Sunday, March 25, 2007

Apu and Gogol



I think the biggest compliment I can pay Jhumpa Lahiri and Mira Nair - after seeing The Namesake - is that it reminded me of Aparajito and Apur Sansar. There are similarities that were not very apparent after reading the book but came to me on watching the film. Which is a triumph for the film adaptation that you take on a subtle, intricately woven tapestry of a novel and extract material for a two-hour film that addresses themes of alienation, association and acceptance pretty successfully.

It is quite interesting that books written 75 years apart and films made 50 years apart have such similar central themes and they remain as relevant as ever. Banaras becomes Boston (New York in the film).
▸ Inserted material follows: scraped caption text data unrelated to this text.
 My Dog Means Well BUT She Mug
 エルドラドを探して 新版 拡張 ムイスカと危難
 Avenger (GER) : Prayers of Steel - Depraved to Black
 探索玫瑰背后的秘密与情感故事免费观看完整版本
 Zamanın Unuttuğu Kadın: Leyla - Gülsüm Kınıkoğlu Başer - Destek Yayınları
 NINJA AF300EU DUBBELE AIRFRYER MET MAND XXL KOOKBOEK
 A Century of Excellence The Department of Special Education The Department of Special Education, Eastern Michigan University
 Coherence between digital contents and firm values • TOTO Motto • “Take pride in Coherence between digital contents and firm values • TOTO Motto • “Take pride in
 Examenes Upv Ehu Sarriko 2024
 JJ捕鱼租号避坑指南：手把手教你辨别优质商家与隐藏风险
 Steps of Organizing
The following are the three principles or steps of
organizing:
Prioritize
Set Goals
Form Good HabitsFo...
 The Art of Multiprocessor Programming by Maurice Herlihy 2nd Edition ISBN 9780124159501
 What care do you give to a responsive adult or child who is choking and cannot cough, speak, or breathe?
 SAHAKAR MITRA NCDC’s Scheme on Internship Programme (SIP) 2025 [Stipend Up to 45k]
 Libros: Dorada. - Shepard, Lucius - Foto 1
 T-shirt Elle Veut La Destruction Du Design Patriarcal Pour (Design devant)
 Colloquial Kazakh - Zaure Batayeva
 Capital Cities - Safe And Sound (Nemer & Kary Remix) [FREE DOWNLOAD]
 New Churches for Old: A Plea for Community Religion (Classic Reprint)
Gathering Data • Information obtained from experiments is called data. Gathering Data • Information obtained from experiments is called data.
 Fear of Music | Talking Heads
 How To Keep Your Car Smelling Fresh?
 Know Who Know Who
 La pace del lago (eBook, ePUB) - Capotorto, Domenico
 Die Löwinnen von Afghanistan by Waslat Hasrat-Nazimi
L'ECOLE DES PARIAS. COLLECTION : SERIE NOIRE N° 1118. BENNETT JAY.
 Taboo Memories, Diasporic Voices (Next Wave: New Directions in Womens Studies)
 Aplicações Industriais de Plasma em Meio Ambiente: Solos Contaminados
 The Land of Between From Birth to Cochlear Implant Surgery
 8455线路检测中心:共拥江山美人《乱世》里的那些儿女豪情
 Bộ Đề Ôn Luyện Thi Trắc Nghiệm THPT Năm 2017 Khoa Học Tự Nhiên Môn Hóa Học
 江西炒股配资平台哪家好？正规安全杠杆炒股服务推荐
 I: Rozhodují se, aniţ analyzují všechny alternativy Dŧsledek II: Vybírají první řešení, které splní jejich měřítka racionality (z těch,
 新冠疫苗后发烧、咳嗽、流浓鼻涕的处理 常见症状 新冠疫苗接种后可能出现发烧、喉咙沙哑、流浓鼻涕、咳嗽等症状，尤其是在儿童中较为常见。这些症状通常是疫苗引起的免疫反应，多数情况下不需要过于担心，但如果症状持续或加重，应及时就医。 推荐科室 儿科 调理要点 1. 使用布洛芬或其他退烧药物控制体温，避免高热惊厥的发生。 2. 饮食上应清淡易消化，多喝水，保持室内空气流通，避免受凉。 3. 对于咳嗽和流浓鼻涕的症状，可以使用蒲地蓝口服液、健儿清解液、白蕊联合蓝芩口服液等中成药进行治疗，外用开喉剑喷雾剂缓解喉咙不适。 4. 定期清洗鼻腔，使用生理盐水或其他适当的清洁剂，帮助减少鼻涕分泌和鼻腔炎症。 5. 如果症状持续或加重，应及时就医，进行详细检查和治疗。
Graduation in Science from Calcutta University becomes a degree in Architecture from Yale. Ancient Hindu scriptures become Nikolai Gogol's Collected Works. And they reflect the present day reality vividly.

The settling of a family in alien land for the search of livelihood. Their gradual acceptance of the new land. A bemused incomprehension of their extended family to appreciate their better (different?) way of life. Clinging on to certain customs while leaving others. The alienation of the second generation from the first. The second generation's assimilation into a more modern way of life. Halted communication of the first generation to the second. A death bringing on the realisation of love.
And (as the blurb of the film says), a great journey that brings you home.

Thanks to the wonders of modern film marketing, I don't think too many people will miss The Namesake (and it deserves to be seen, too). I think its time for people to go back and revisit the Apu Trilogy as well.